Government implored to “Tackle huge pressures” by health leaders
The NHS Confederation and other UK health leaders have urged the incoming Government to “address the critical issues that will improve and transform services for patients.”
As a result of a recent survey conducted prior to the incoming election, the organisations warned that a lack of staffing and failure to address the pensions crisis is putting care at risk. It also found that workforce, reforming social care, and addressing capital investment feature as the most critical priorities for action.
In the results stated that 76% of health leaders said that supporting and growing the NHS workforce should be a critical priority, and they ranked it highest at a time that there are more than 100,000 vacancies among clinical and nursing staff.
In addition, 90% claimed that under-staffing was putting patient safety and care at risk, and 83% believe that the NHS Pension Scheme is having a detrimental impact on workforce pressures.
The news comes as recent performance statistics for the NHS show that demand for services has continued to rise, with the NHS treating more people than ever before and key targets for hospital care and A&E hitting their worst levels since the standards were introduced in 2004.
The NHS is heading into this winter with “significant staffing and performance challenges” said Niall Dickson, chief executive of the NHS Confederation.

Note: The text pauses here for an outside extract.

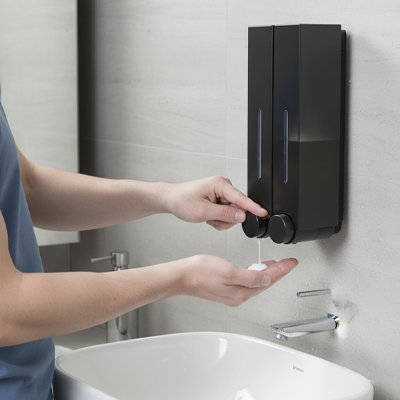 Distributeur savon salle de bain mural​ triple noir avec indicateur de niveau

He continued to explain, “It is therefore little wonder that health leaders are deeply concerned about its ability to cope with demand, despite frontline staff treating more patients than ever.”
He also said that the views from the members should send a “clear message to whoever forms the new Government on the scale of the challenge facing the NHS and how to make the service fit for the future. Workforce gaps, the growing social care crisis and historic underinvestment are the biggest threats to improving care for patients and transforming services, and each of these issues needs attention, as do the pension rules which are discouraging some doctors from taking on extra work and encouraging others to take early retirement.”
The survey also found that 84% of respondents found that improving care for people with mental health issues is a critical and high priority for their specific setting, and that 65% agreed that the NHS does not need top-down reorganisation, of the likes of those introduced as a result of the Health and Social Care Act 2012.